→ What you need to do
Would you restate each line of the data below word for word, without its pictures?

[[ Raw data open ]]

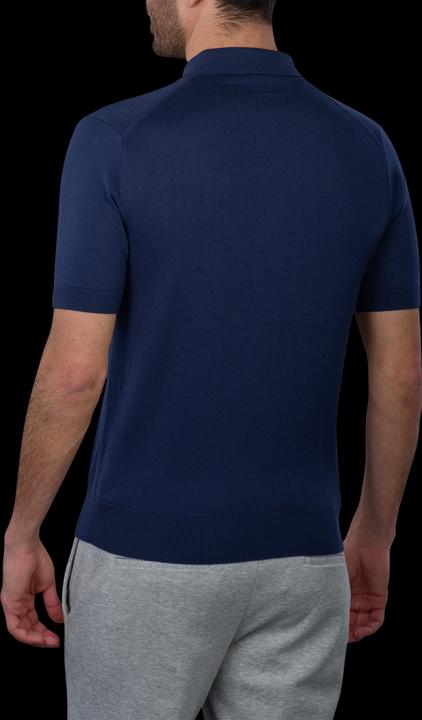 Immagine prodotto Fred Perry Poloshirt (M)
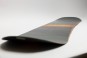 Artikelbild 2 des Artikels “MAGNUM Snowboard 2026 “
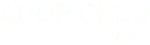 cropped-EcuadorChequea-Logo-b-n.png.webp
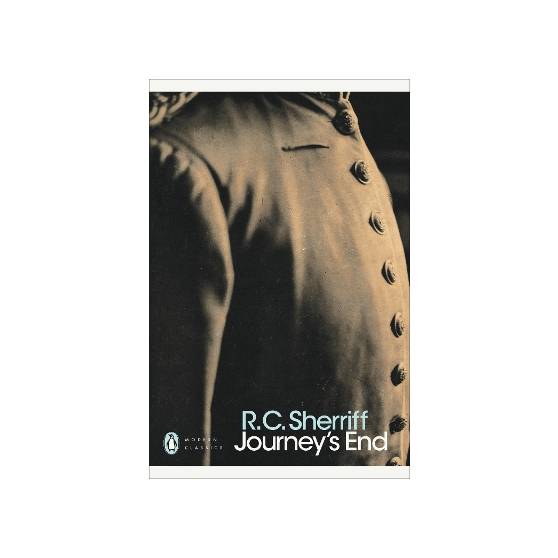 9780141183268 thumbnail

[[ Raw data closed ]]

→ Response area
 Immagine prodotto Fred Perry Poloshirt (M)
 Artikelbild 2 des Artikels “MAGNUM Snowboard 2026 “
 cropped-EcuadorChequea-Logo-b-n.png.webp
 9780141183268 thumbnail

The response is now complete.